*** Dataset entries ***

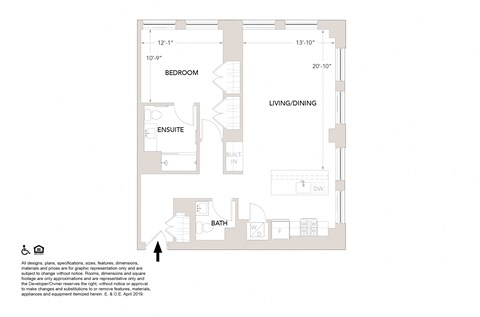Floor plan for 1 bed, 1.5 baths, 963 sqft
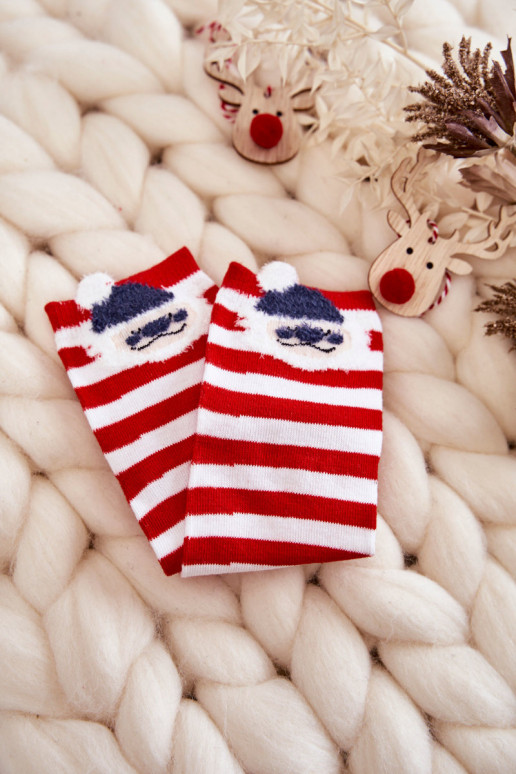 Calzini a righe Con Babbo Natale Colori bianco-rosso
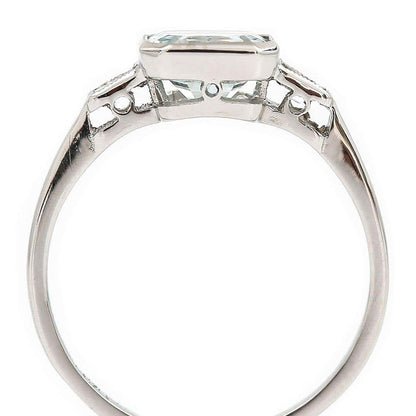 Art Deco Style Platinum Fancy Square Cut Aquamarine and Baguette Diamond Ring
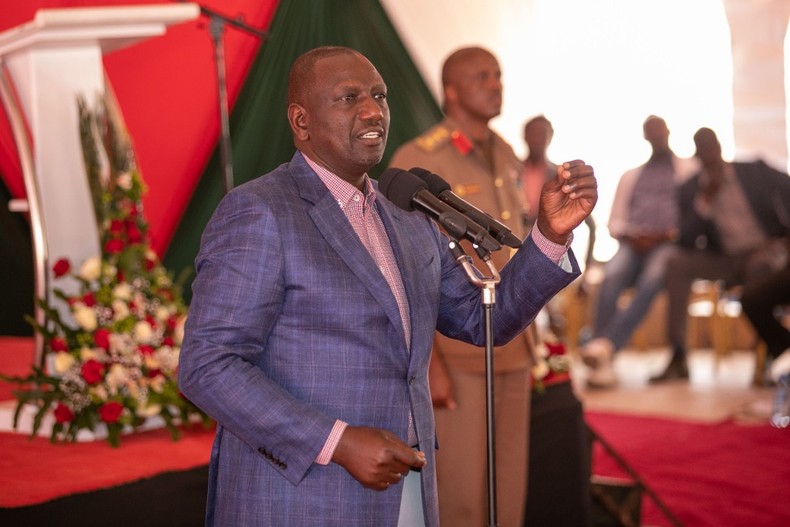 President William Ruto addresses a congregation at AIC Kitui Township, Kitui County on October 23, 2022
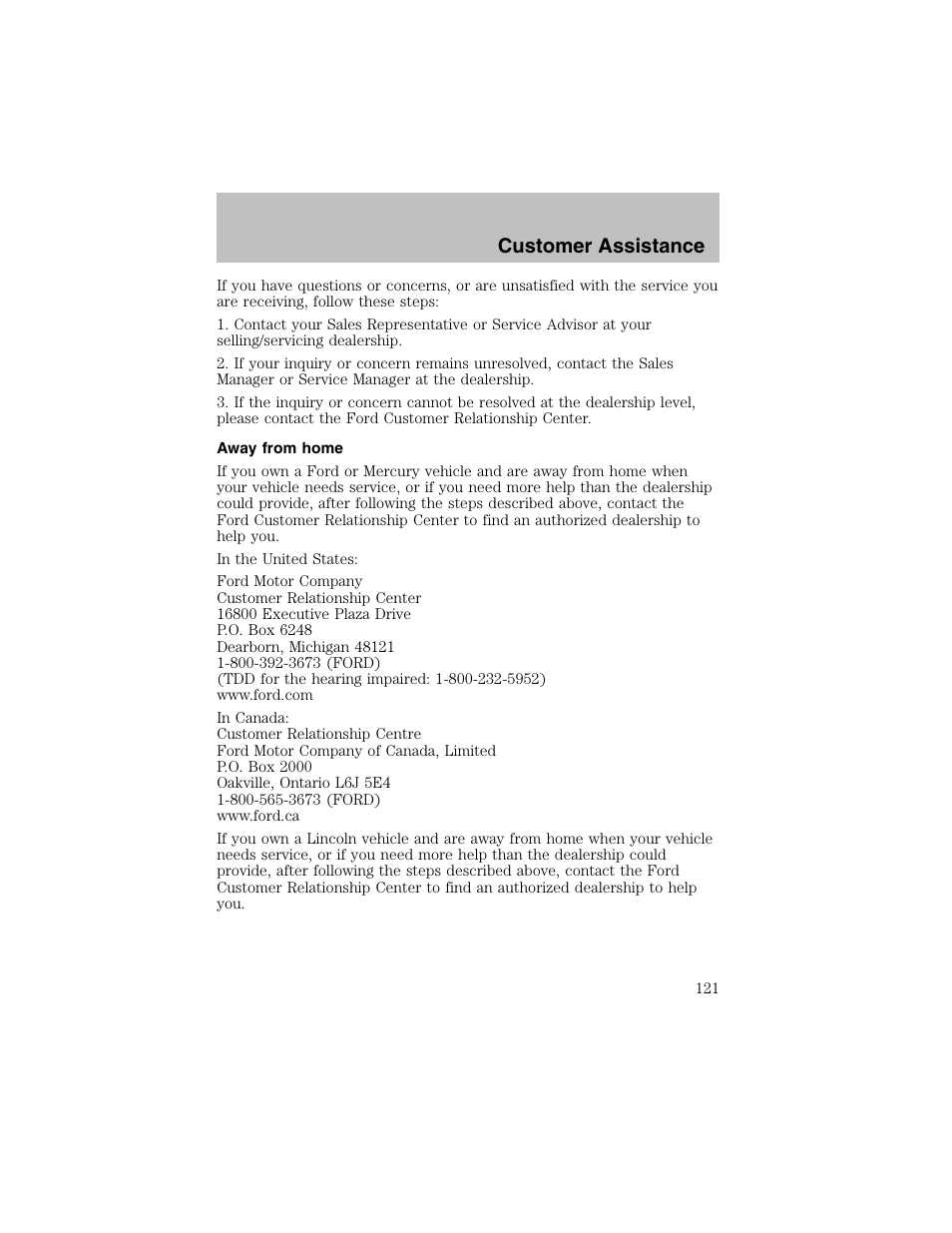 Customer assistance | FORD 2003 Escort User Manual | Page 121 / 184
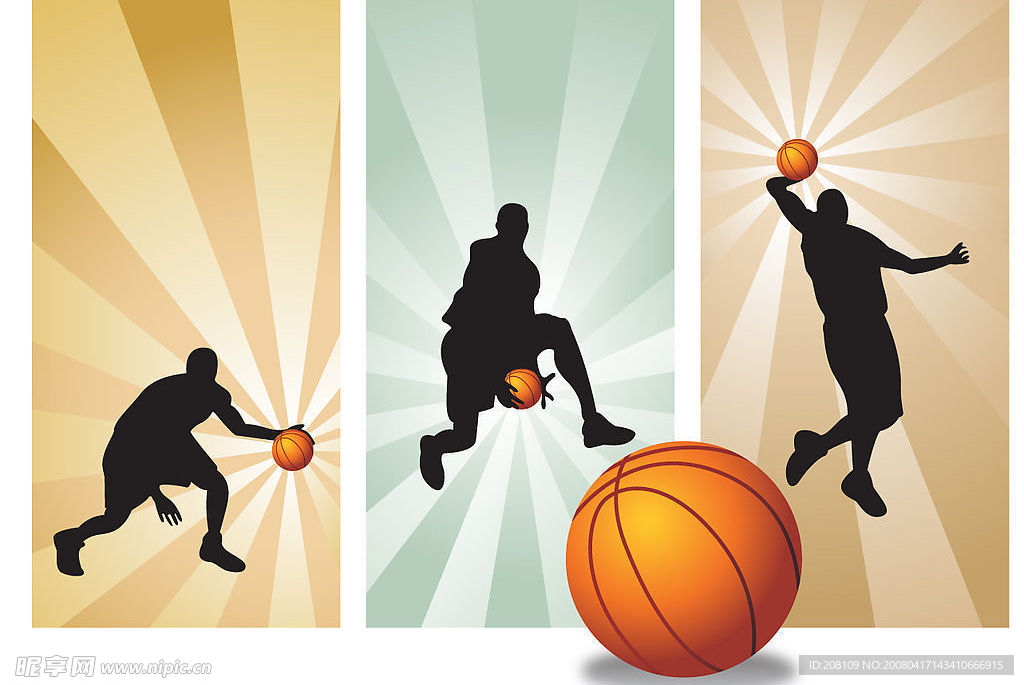 篮球运动员剪影矢量素材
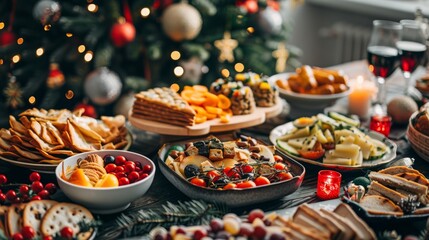 Christmas Dinner table full of dishes with food and snacks, New Year's decor with a Christmas tree on the background 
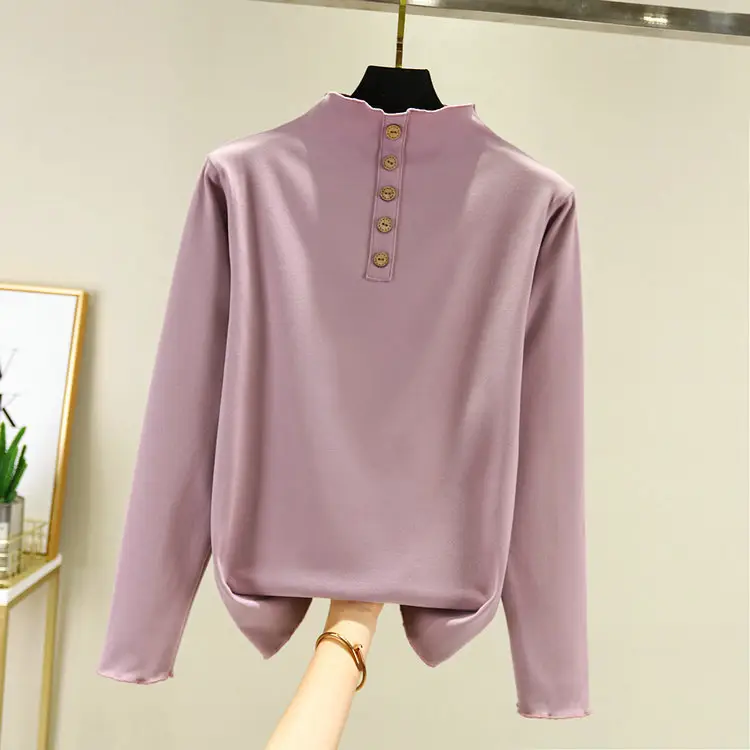 Women Velvet 5-Button Semi-High Collar Shirt - Image 5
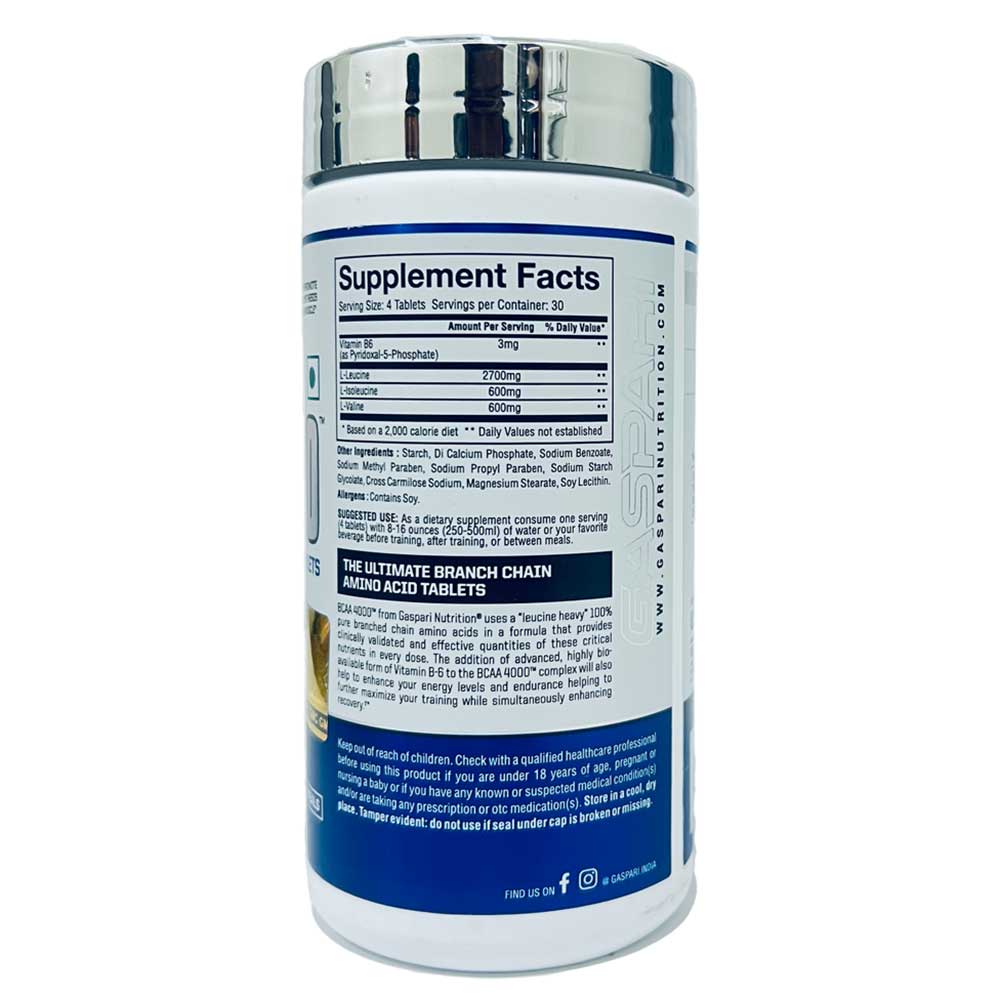 2 - Gaspari Nutrition BCAA 4000,  120 tablet(s)  30 Servings  Unflavoured 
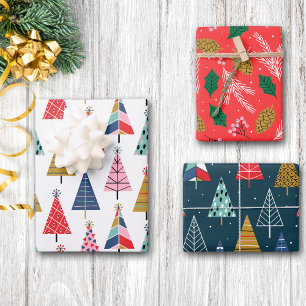 Bright Colorful Boho Christmas Trees Pattern Wrapping Paper Sheets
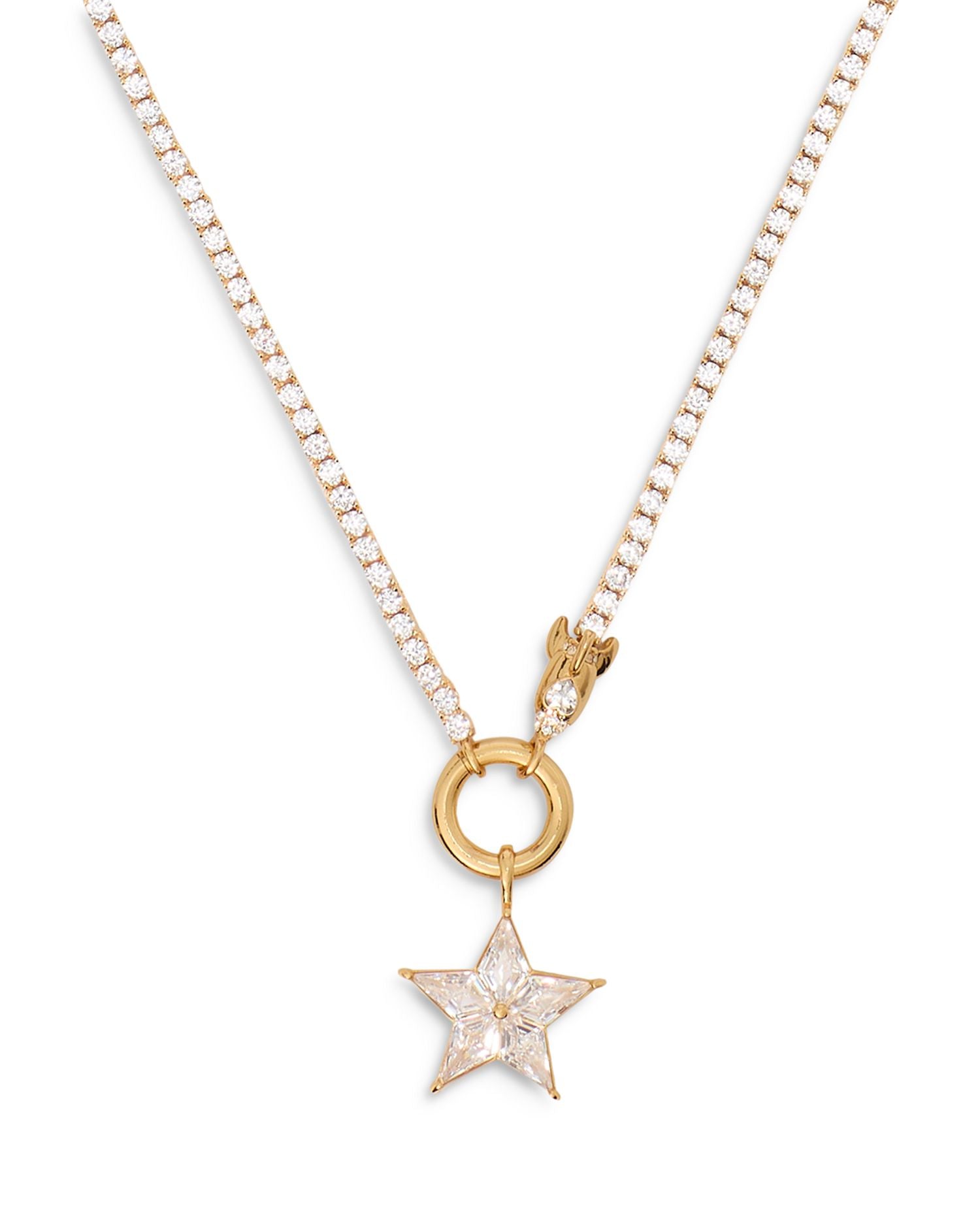 Cubic Zirconia Star Statement Pendant Necklace in Gold Tone, 18'-21'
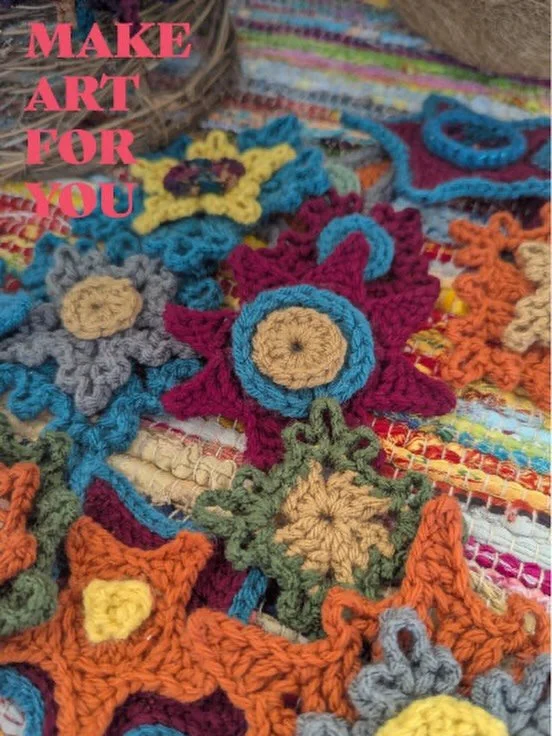 Kaleidosnow By Heidi Abrams-Pleva from Fun-A-Day 2025: &ldquo;This project was total yarn therapy for some of the darkest days of the year. I enjoyed playing with my scraps to come up with the color and texture combinations... I wanted to stay true t
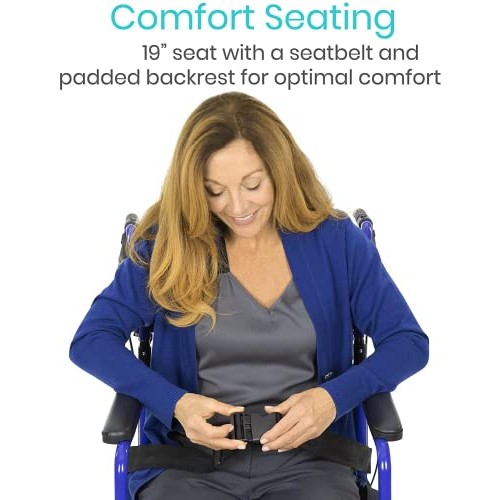 Vive Mobility Folding Transport Wheelchair - Aluminum Chair with Hand Brake -...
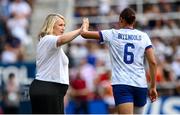 29 June 2025; United States head coach Emma Hayes with Lynn Biyendolo of United States as she is substituted off during the women's international friendly match between the USA and Republic of Ireland at TQL Stadium in Cincinnati, Ohio, USA. Photo by Stephen McCarthy/Sportsfile
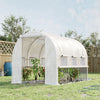 10' x 7' x 7' Walk-in Tunnel Greenhouse, Outdoor Plant Nursery with Quality PE Cover, Zipper Doors and Mesh Windows, White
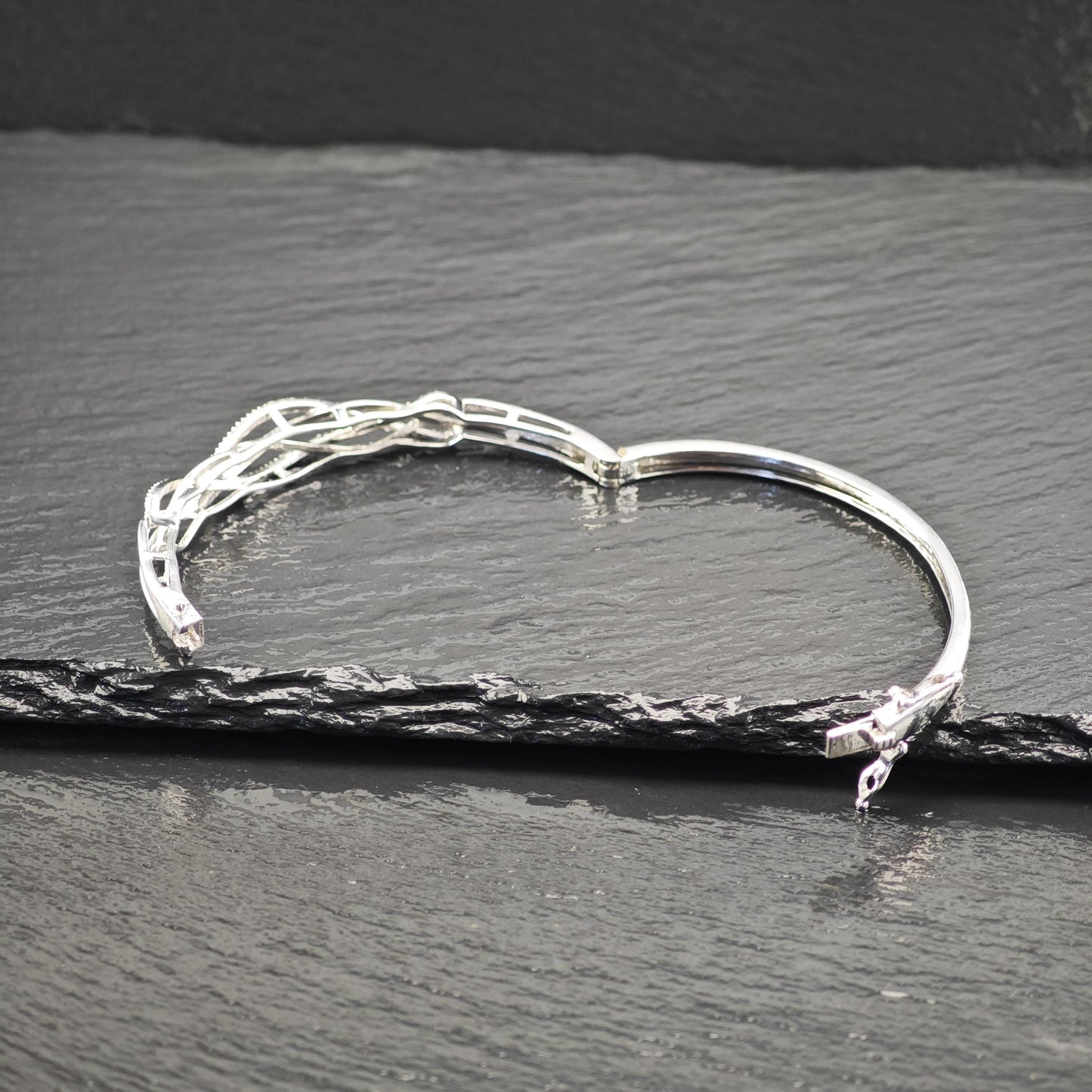 JWBR White Diamond Bangle Bracelet Sterling Silver
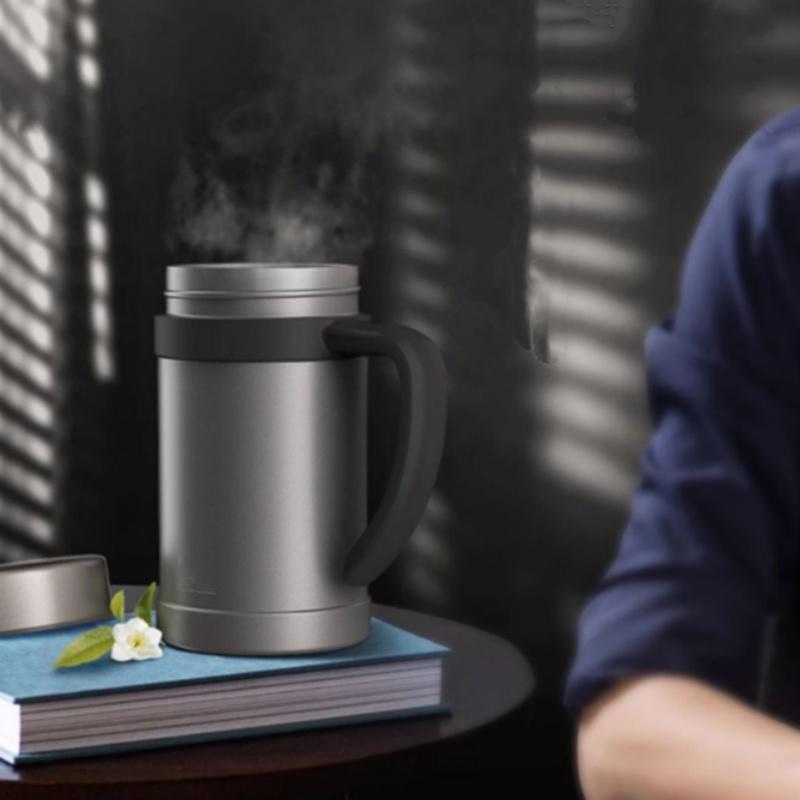 550ml Pure Titanium Thermos Cup with Handle Double Layer Vacuum Flask High Grade Gift Drinkware Tea Mug Business Water Bottle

*** End of Dataset entries ***

Every line of the data should be copied as it stands, without the images.

Floor plan for 1 bed, 1.5 baths, 963 sqft
 Calzini a righe Con Babbo Natale Colori bianco-rosso
 Art Deco Style Platinum Fancy Square Cut Aquamarine and Baguette Diamond Ring
 President William Ruto addresses a congregation at AIC Kitui Township, Kitui County on October 23, 2022
 Customer assistance | FORD 2003 Escort User Manual | Page 121 / 184
 篮球运动员剪影矢量素材
 Christmas Dinner table full of dishes with food and snacks, New Year's decor with a Christmas tree on the background 
 Women Velvet 5-Button Semi-High Collar Shirt - Image 5
 2 - Gaspari Nutrition BCAA 4000,  120 tablet(s)  30 Servings  Unflavoured 
 Bright Colorful Boho Christmas Trees Pattern Wrapping Paper Sheets
 Cubic Zirconia Star Statement Pendant Necklace in Gold Tone, 18'-21'
 Kaleidosnow By Heidi Abrams-Pleva from Fun-A-Day 2025: &ldquo;This project was total yarn therapy for some of the darkest days of the year. I enjoyed playing with my scraps to come up with the color and texture combinations... I wanted to stay true t
 Vive Mobility Folding Transport Wheelchair - Aluminum Chair with Hand Brake -...
 29 June 2025; United States head coach Emma Hayes with Lynn Biyendolo of United States as she is substituted off during the women's international friendly match between the USA and Republic of Ireland at TQL Stadium in Cincinnati, Ohio, USA. Photo by Stephen McCarthy/Sportsfile
 10' x 7' x 7' Walk-in Tunnel Greenhouse, Outdoor Plant Nursery with Quality PE Cover, Zipper Doors and Mesh Windows, White
 JWBR White Diamond Bangle Bracelet Sterling Silver
 550ml Pure Titanium Thermos Cup with Handle Double Layer Vacuum Flask High Grade Gift Drinkware Tea Mug Business Water Bottle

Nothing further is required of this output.